** Information shown **
◇ ◇ ◇ ◇ ◇ ◇ ◇

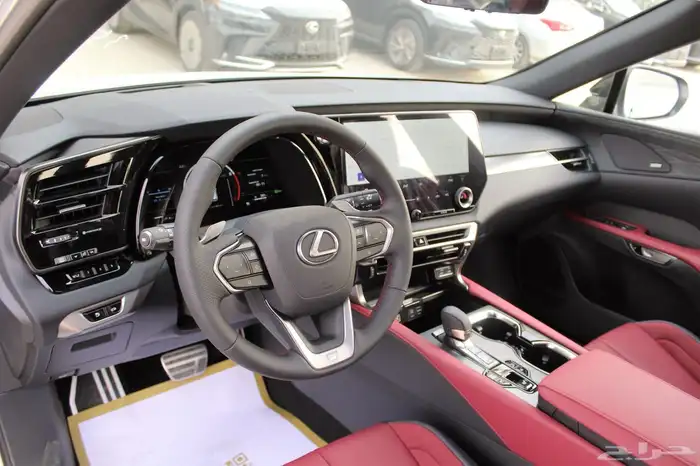 لكزس - RX350 F Sport اديشن - 2025 - فل كامل 12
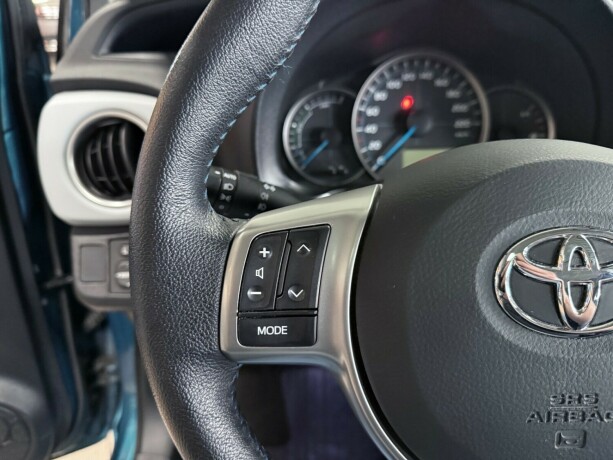 toyota-yaris-bensin-2013-big-13
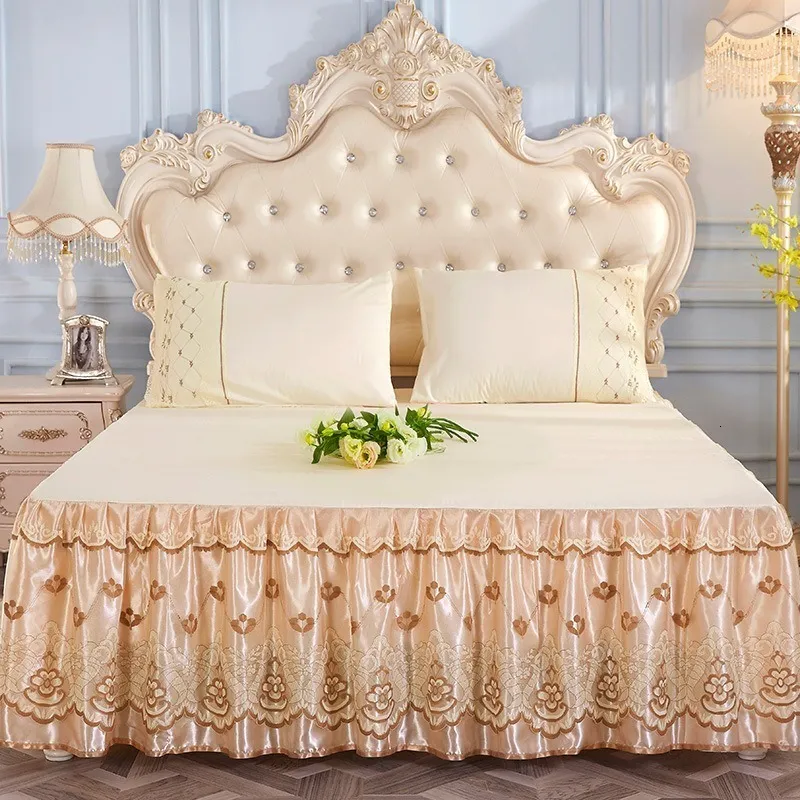 Jupe de lit jupe en dentelle literie lit princesse jupe de lit en dentelle beige 1 paire taie d'oreiller trois pièces couverture de lit couvre-lits jumeaux 230720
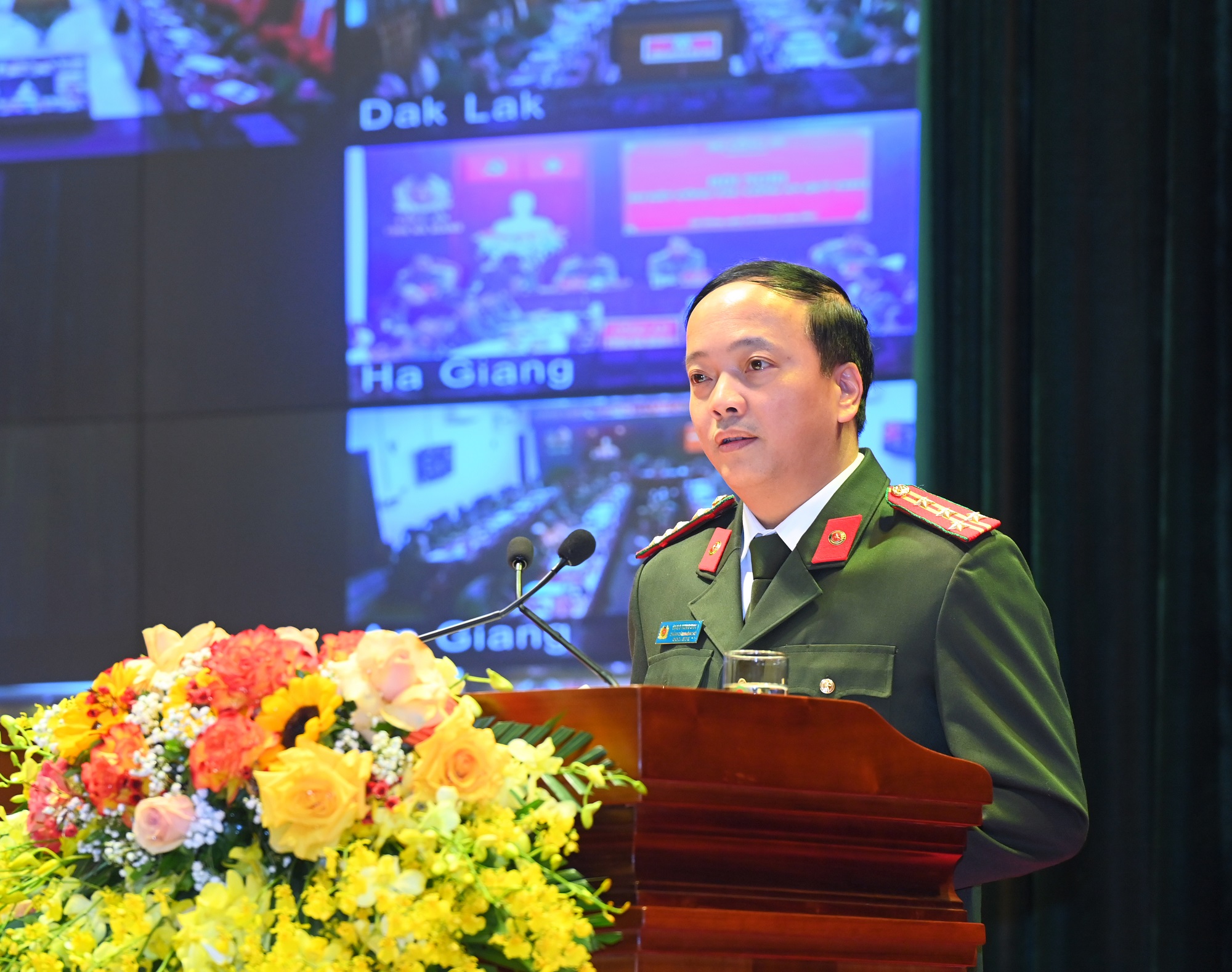 Đồng chí Đại tá Đặng Hồng Đức, Chánh Văn phòng Bộ Công an báo cáo kết quả công tác công an quý I/2023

◇ ◇ ◇ ◇ ◇ ◇ ◇

** Instructions for the task **
Restate word for word, please, the line containing "toyota-yaris-bensin-2013-big-13" and all lines after it through the end of the material; the pictures do not belong in the copy.

** Response **
 toyota-yaris-bensin-2013-big-13
 Jupe de lit jupe en dentelle literie lit princesse jupe de lit en dentelle beige 1 paire taie d'oreiller trois pièces couverture de lit couvre-lits jumeaux 230720
 Đồng chí Đại tá Đặng Hồng Đức, Chánh Văn phòng Bộ Công an báo cáo kết quả công tác công an quý I/2023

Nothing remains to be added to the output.